BT

Facilitating the Spread of Knowledge and Innovation in Professional Software Development

Write for InfoQ

Topics

Choose your language

InfoQ Homepage Articles Debugging Distributed Systems: Q&A with the “Squash” Microservice Debugger Creator Idit Levine

Debugging Distributed Systems: Q&A with the “Squash” Microservice Debugger Creator Idit Levine

Key Takeaways

  • The ability to monitor and debug an application is important during development and in production. Debugging a microservice-based application is more challenging than debugging a monolithic application, as it is difficult to attach a native debugger to multiple processes that communicate across a network.
  • Currently the best approach to debugging microservices relies on obtaining a trace of all transactions and dependencies using tools that, for example, implements the OpenTracing API standard. These tools capture timing, events, and tags, and collect the associated data out-of-band (asynchronously).
  • OpenTracing tools are very powerful, but they have limitations and gaps. Since logging the state of the application during runtime can be expensive and result in performance overhead, one needs to limit the amount of collected information. 
  • Squash in an open source microservice debugging tool that orchestrates run-time debuggers attached to microservices (running within containers deployed onto IaaS or CIaaS), and provides familiar features like setting breakpoints, stepping through the code, viewing and modifying variables etc
  • We should aspire to provide distributed applications the same level of observability and control that is available for monolithic applications. A service mesh may be the future best point of integration for such observation, for example, logging, tracing and in-process debugging
     

InfoQ recently sat down with Idit Levine, CEO of solo.io and creator of the new open source “Squash” microservices debugger, and discussed the challenges of observing and debugging distributed systems and applications.

InfoQ: Hi Idit, and welcome to InfoQ! Could you introduce yourself, and discuss a little about your latest venture solo.io please?

Levine: Hi Daniel, thank you for having me. I am the founder and CEO of solo.io, whose general mission is to streamline the cloud stack. I’ve been in the cloud management space for 12 years, since I’ve joined DynamicOps (the developer of vCAC, later acquired by VMware) as one of its first employees.

Most recently I was the CTO of the cloud-management division at EMC. There I led, designed and implemented project unik, an open source platform for automating Unikernels compilation and deployment, and project layer-x, an open source framework for cross-cluster scheduling.

Solo.io is currently in stealth mode, but my commitment to the open source community is as strong as ever. That’s why we recently released Squash, an open source platform for debugging microservices applications.  We plan to enhance Squash and bring other valuable tools to the community in the near future.

InfoQ: Can you explain a little about how operational and infrastructure monitoring has evolved over the last five years? How have cloud, containers, and new architectural styles like microservices impacted monitoring and debugging?

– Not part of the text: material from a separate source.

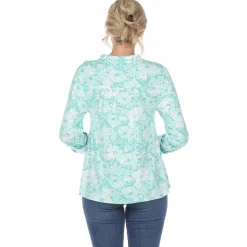Pleated Long Sleeve Floral Print Blouse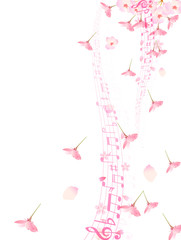桜　音符　背景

Levine: Monitoring the state of an application is important during development and in production. With a monolithic application, this is rather straightforward, since one can attach a native debugger to the process and have the ability to get a complete picture of the state of the application and its evolution.

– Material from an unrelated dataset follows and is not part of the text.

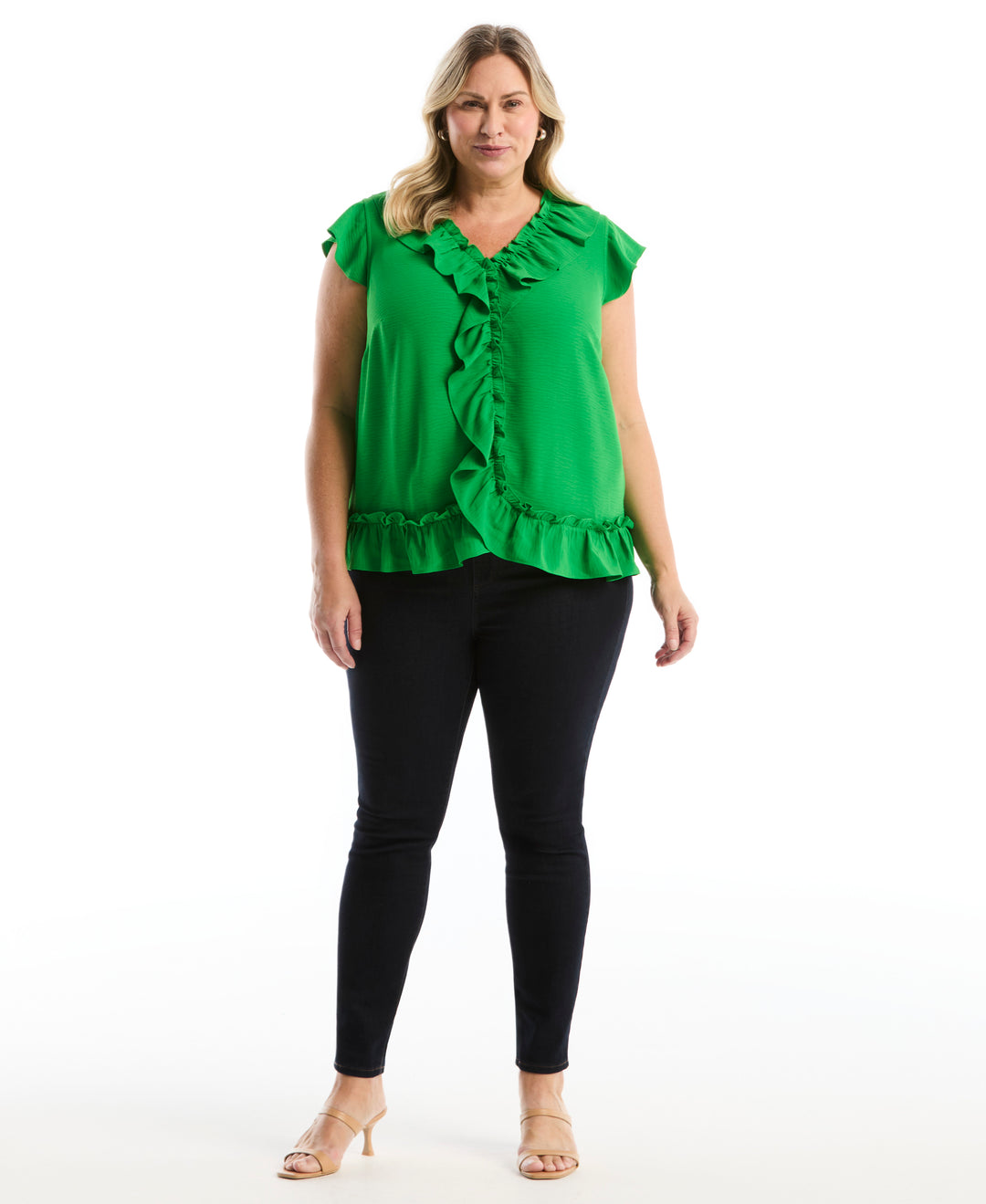 Plus Size Ruffle Blouse (Fern Green)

Monitoring a microservice-based application poses a greater challenge, particularly when the application is composed of tens or hundreds of microservices. Due to the fact that any request may involve being processed by many microservices running multiple times -- potentially on different servers -- it is exceptionally difficult to follow the “story” of the application and identify the causes of problems when they arise.

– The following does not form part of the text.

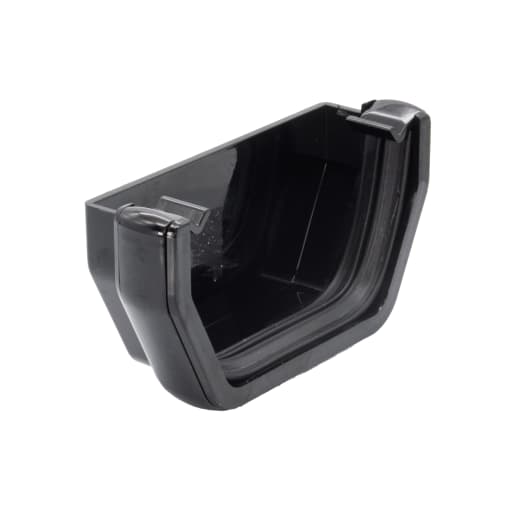 FloPlast RES1B 114mm Square Rainwater External Stopend Black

Currently, the main methodology relies on obtaining a trace of all transactions and dependencies using tools that, for example, implement the OpenTracing standard. These tools capture timing, events, and tags, and collect this data out-of-band (asynchronously). OpenTracing allows users to perform critical path analysis and monitor request latency, perform topological analysis and identify bottlenecks due to shared resources. Users can also log what they think could be useful data, like the values of different variables, error messages etc.

InfoQ: We've been keenly watching the evolution of Squash -- an open source tool that allows the debugging of microservices application running on container orchestration from IDE -- and would be keen to hear the goals of the project and rationale for creating this?

Levine: OpenTracing tools are very powerful, but they have limitations and gaps. Since logging the state of the application during runtime can be expensive and result in performance overhead, one needs to limit the amount of collected information. One way to do this is to follow only a subset of the transactions, and not all of them. Tuning the size of this sample represents a tradeoff between the amount of information collected on one hand, and the price in performance and costs on the other.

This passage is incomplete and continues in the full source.